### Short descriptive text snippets
+--
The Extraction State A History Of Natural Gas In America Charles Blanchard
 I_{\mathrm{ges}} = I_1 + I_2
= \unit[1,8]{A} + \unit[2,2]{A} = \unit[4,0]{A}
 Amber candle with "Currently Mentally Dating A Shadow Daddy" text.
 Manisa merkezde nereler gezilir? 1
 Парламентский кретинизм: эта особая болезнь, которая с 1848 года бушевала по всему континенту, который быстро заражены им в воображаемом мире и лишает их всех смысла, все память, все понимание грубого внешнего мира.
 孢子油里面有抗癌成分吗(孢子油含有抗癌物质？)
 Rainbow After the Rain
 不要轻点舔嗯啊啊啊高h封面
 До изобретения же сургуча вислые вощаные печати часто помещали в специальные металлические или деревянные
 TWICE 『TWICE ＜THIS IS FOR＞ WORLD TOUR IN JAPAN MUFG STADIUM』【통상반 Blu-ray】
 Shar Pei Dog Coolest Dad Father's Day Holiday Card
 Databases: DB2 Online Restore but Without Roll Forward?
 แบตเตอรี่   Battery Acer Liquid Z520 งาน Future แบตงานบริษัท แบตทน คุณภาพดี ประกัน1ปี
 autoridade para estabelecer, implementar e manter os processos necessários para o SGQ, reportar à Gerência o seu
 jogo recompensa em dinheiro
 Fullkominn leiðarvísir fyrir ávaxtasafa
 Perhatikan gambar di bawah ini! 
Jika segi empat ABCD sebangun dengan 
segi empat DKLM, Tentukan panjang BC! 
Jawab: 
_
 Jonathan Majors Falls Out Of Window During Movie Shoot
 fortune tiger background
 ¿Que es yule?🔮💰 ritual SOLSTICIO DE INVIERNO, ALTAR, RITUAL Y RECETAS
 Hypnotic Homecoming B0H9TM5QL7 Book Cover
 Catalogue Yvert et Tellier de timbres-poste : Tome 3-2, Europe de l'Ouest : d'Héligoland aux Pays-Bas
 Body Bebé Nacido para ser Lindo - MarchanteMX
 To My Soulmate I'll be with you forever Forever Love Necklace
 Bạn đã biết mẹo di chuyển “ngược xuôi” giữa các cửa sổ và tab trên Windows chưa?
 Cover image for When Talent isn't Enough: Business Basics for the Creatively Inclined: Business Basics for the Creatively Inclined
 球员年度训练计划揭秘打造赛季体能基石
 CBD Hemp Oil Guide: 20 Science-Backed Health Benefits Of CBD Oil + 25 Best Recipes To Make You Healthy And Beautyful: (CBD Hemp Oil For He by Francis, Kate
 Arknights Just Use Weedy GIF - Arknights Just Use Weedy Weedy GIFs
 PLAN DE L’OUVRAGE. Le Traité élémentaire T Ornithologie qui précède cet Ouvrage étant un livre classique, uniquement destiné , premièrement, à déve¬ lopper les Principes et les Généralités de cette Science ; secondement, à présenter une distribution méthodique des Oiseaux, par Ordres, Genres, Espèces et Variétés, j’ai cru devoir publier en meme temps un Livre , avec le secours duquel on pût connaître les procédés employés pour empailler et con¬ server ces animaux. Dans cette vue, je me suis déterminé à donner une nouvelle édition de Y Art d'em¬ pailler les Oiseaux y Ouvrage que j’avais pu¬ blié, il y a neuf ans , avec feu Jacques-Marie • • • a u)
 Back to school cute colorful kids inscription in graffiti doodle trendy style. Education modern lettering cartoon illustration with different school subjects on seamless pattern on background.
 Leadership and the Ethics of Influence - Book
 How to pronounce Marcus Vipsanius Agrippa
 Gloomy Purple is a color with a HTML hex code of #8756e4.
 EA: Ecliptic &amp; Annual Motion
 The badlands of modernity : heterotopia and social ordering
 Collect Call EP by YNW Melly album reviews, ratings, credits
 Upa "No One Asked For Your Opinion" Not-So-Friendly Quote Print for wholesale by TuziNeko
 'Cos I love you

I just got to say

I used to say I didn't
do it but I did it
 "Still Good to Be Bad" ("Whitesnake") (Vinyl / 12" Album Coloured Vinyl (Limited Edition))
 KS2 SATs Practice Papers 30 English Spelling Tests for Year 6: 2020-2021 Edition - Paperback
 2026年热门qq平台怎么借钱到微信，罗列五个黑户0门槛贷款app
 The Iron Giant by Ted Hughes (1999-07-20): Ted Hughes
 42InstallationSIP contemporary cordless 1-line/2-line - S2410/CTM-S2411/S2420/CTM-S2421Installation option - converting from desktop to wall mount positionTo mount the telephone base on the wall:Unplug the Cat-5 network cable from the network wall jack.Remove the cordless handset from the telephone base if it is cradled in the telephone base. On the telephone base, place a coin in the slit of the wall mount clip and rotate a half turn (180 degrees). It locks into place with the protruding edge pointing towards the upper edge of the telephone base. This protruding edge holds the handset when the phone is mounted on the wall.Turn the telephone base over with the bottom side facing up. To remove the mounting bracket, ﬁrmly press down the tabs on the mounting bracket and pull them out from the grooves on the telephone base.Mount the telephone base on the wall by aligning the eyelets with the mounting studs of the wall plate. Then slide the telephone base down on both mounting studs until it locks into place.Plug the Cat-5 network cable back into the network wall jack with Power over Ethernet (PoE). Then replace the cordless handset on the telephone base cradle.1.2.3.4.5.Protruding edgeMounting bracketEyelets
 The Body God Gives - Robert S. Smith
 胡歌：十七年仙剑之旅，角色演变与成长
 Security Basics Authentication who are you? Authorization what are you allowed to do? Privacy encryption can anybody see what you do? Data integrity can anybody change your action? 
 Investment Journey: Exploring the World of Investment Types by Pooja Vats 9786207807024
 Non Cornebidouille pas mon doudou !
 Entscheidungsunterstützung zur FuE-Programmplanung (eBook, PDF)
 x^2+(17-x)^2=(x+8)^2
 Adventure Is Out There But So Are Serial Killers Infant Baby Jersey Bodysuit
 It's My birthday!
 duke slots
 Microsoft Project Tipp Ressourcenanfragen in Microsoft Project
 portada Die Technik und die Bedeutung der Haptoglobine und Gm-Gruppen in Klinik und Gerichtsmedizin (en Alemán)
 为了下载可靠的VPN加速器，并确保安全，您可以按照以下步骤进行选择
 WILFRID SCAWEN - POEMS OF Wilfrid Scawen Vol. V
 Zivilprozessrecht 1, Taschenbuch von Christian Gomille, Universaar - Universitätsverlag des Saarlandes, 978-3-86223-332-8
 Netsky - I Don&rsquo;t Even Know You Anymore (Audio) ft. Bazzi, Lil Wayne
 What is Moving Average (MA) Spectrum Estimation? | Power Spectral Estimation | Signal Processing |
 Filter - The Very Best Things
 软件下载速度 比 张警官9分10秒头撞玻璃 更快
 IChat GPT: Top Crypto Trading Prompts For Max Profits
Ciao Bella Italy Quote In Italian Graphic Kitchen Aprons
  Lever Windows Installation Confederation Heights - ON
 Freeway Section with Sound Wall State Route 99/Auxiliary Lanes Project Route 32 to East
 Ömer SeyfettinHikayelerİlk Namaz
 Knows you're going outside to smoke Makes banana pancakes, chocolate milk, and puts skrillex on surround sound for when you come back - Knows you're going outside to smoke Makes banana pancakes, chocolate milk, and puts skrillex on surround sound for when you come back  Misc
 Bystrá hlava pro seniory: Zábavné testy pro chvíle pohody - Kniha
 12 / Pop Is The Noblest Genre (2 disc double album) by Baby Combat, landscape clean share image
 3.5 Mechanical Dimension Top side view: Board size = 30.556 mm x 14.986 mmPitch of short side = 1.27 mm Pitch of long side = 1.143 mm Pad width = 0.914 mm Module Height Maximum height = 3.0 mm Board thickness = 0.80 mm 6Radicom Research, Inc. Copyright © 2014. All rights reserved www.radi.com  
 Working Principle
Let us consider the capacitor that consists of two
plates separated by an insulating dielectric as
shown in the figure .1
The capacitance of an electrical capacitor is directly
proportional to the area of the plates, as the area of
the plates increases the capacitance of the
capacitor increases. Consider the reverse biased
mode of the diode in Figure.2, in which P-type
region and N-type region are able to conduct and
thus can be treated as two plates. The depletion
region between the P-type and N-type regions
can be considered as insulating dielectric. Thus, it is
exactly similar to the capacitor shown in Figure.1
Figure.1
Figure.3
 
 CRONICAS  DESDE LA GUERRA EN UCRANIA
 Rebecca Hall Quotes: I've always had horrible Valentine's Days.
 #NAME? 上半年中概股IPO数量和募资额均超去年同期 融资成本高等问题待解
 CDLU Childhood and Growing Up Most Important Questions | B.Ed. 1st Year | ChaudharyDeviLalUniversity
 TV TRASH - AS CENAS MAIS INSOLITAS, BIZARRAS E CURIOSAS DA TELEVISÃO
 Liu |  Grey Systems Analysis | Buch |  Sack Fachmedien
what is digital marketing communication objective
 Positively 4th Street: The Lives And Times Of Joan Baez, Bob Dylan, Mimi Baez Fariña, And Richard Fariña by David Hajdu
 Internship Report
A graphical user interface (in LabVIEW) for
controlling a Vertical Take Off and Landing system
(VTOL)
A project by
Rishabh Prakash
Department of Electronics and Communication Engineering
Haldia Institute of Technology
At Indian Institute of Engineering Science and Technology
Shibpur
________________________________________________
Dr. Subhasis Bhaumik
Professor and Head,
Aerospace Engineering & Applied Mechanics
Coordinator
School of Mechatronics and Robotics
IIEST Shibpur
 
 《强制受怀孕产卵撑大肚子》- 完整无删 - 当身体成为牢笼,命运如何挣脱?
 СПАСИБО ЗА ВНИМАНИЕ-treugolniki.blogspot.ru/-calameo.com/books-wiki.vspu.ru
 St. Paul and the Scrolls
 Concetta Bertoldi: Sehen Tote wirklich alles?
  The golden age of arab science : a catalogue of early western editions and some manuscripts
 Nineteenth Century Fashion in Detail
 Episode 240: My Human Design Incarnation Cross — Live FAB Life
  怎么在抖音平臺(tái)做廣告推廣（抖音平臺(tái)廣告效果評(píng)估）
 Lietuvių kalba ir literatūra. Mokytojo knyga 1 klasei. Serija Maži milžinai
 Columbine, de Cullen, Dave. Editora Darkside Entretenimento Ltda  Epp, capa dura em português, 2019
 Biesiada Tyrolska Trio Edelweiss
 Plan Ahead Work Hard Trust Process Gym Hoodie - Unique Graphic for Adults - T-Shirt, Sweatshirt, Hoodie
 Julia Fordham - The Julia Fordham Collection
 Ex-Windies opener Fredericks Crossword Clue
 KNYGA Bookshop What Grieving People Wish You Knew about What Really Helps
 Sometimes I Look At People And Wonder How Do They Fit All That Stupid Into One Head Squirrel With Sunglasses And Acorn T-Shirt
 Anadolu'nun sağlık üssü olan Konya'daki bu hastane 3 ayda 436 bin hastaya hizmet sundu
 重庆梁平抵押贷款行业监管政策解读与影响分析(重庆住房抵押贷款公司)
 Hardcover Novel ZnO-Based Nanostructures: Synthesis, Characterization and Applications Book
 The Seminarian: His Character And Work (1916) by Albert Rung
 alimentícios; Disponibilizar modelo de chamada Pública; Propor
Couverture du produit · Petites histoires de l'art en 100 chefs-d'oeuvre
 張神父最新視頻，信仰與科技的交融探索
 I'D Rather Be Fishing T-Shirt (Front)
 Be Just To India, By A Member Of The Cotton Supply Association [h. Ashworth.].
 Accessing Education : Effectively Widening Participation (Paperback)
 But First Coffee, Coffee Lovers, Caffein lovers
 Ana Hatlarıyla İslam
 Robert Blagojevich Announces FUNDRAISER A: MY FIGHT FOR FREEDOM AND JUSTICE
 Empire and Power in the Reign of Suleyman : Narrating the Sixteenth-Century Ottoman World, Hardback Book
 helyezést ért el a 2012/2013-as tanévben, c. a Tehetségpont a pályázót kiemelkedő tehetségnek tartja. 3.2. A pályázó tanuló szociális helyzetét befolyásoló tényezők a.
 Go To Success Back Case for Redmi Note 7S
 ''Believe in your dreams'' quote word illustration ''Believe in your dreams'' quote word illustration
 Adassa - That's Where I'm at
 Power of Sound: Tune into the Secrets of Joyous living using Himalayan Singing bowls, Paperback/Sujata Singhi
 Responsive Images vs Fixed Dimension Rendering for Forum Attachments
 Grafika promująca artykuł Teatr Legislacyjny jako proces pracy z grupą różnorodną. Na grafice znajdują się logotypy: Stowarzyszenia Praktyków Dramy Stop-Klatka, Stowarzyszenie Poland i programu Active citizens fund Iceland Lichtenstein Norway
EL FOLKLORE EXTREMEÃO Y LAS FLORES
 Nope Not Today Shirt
+--
### Task statement
Would you retype the lines above from the one with "jogo recompensa em dinheiro" down to the one with "Catalogue Yvert et", word for word, both ends included and no other lines?

### Your response
 jogo recompensa em dinheiro
 Fullkominn leiðarvísir fyrir ávaxtasafa
 Perhatikan gambar di bawah ini! 
Jika segi empat ABCD sebangun dengan 
segi empat DKLM, Tentukan panjang BC! 
Jawab: 
_
 Jonathan Majors Falls Out Of Window During Movie Shoot
 fortune tiger background
 ¿Que es yule?🔮💰 ritual SOLSTICIO DE INVIERNO, ALTAR, RITUAL Y RECETAS
 Hypnotic Homecoming B0H9TM5QL7 Book Cover
 Catalogue Yvert et Tellier de timbres-poste : Tome 3-2, Europe de l'Ouest : d'Héligoland aux Pays-Bas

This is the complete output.